Transcribe only the lines in the data below falling between the line with "Altun Ha Tour and Cave Tubing" and the line with "Blue and Gold", including those two lines, and leave out any picture.

···

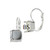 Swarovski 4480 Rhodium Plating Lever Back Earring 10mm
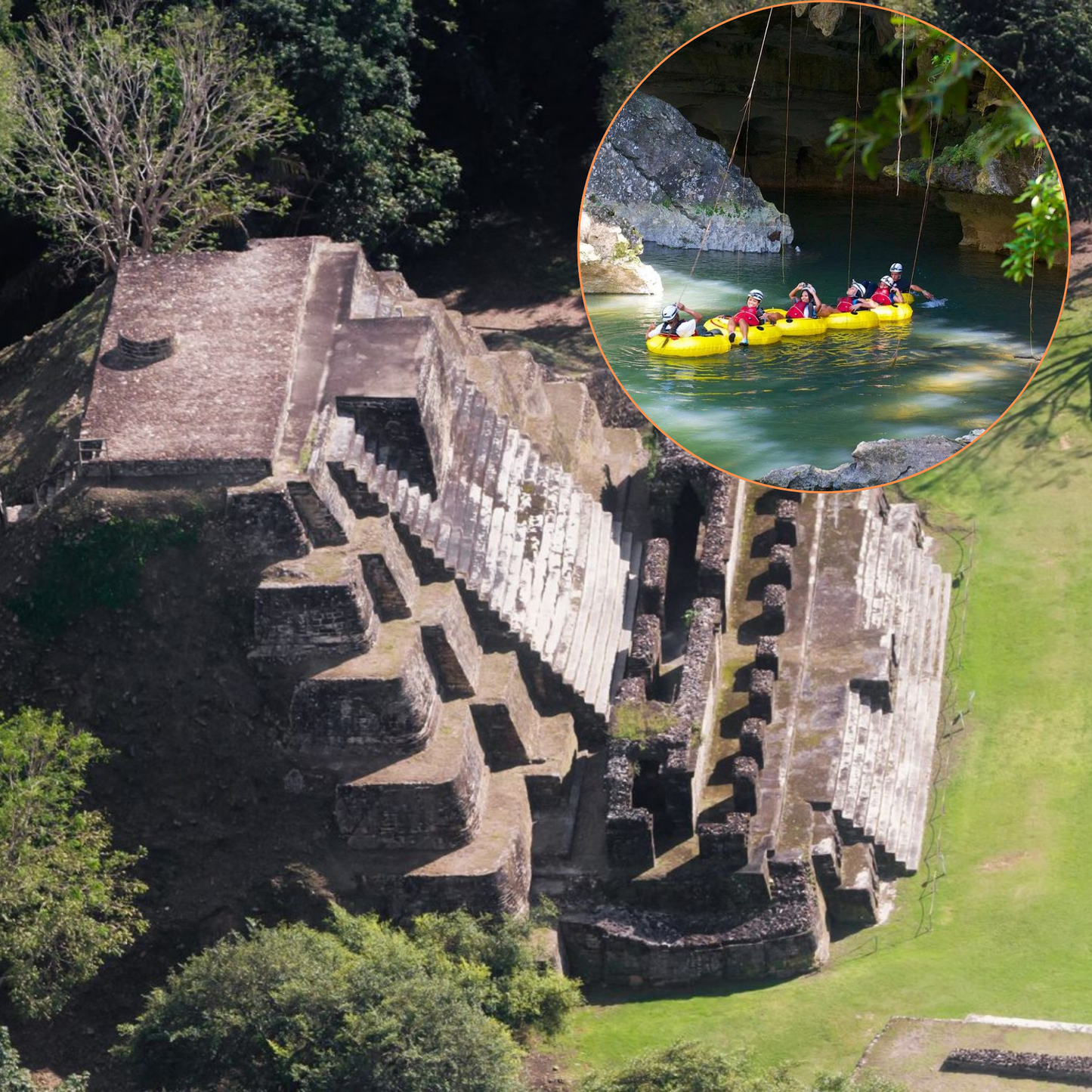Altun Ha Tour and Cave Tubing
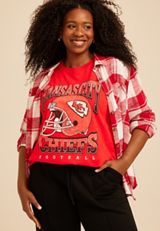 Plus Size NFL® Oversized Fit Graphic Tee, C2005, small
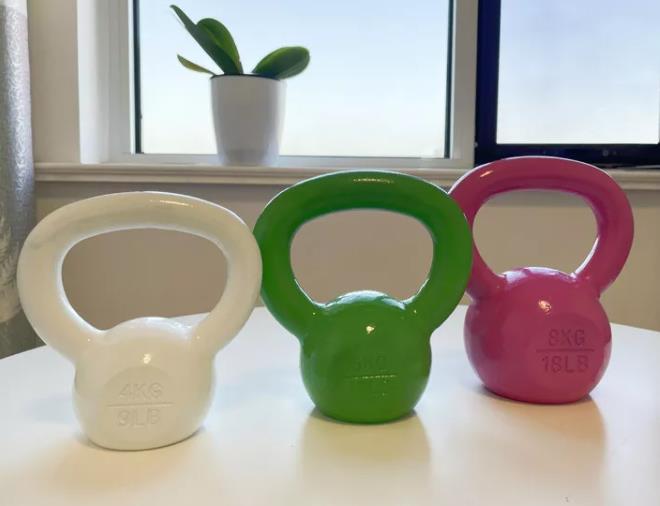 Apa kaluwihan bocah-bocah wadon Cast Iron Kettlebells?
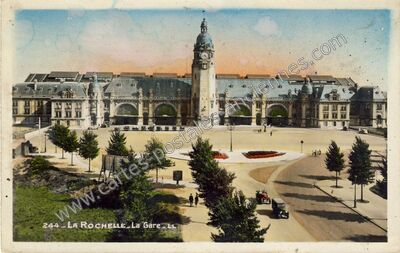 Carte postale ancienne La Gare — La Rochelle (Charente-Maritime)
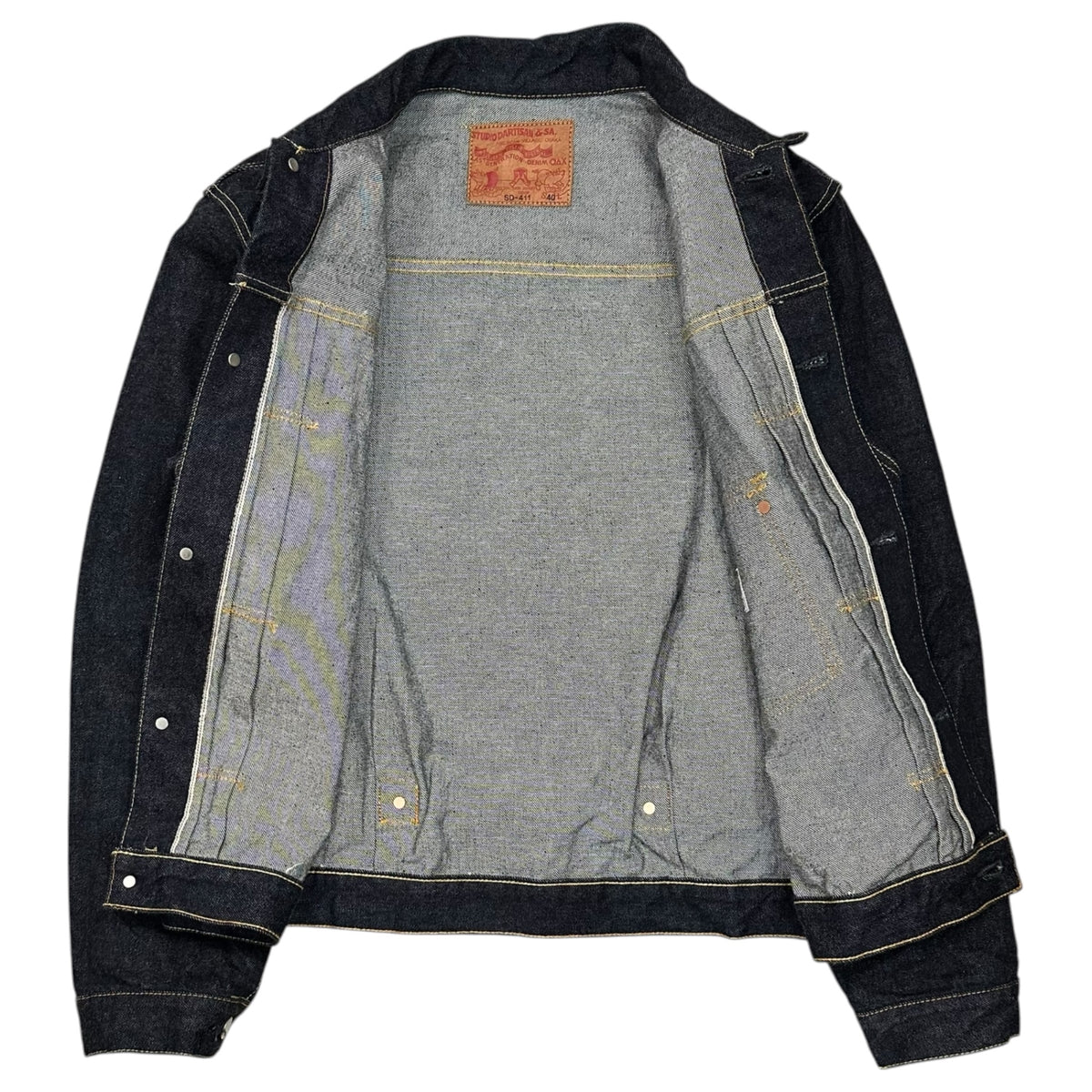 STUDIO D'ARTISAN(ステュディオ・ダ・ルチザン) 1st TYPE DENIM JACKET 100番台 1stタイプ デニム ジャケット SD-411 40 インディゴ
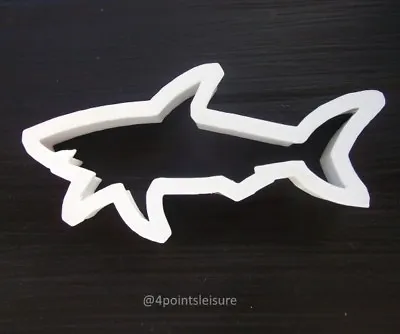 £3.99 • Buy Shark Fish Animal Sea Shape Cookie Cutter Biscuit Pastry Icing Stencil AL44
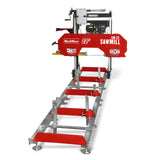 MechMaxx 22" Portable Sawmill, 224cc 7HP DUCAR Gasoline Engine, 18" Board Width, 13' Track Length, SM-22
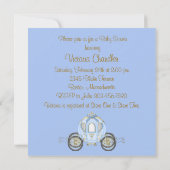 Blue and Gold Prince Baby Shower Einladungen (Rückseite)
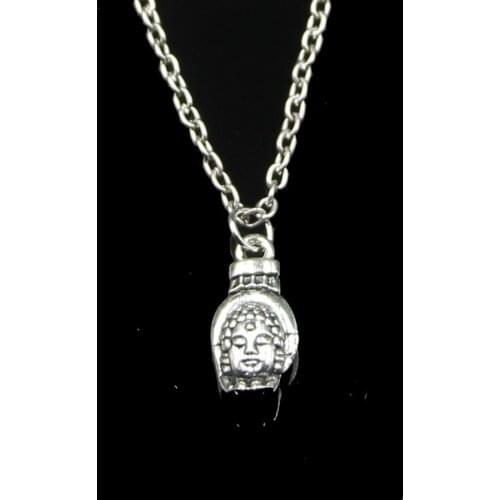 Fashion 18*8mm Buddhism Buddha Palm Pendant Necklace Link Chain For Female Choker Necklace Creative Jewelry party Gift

···

- [SOLVED EXERCISE]:
Altun Ha Tour and Cave Tubing
 Plus Size NFL® Oversized Fit Graphic Tee, C2005, small
 Apa kaluwihan bocah-bocah wadon Cast Iron Kettlebells?
 Carte postale ancienne La Gare — La Rochelle (Charente-Maritime)
 STUDIO D'ARTISAN(ステュディオ・ダ・ルチザン) 1st TYPE DENIM JACKET 100番台 1stタイプ デニム ジャケット SD-411 40 インディゴ
 £3.99 • Buy Shark Fish Animal Sea Shape Cookie Cutter Biscuit Pastry Icing Stencil AL44
 MechMaxx 22" Portable Sawmill, 224cc 7HP DUCAR Gasoline Engine, 18" Board Width, 13' Track Length, SM-22
 Blue and Gold Prince Baby Shower Einladungen (Rückseite)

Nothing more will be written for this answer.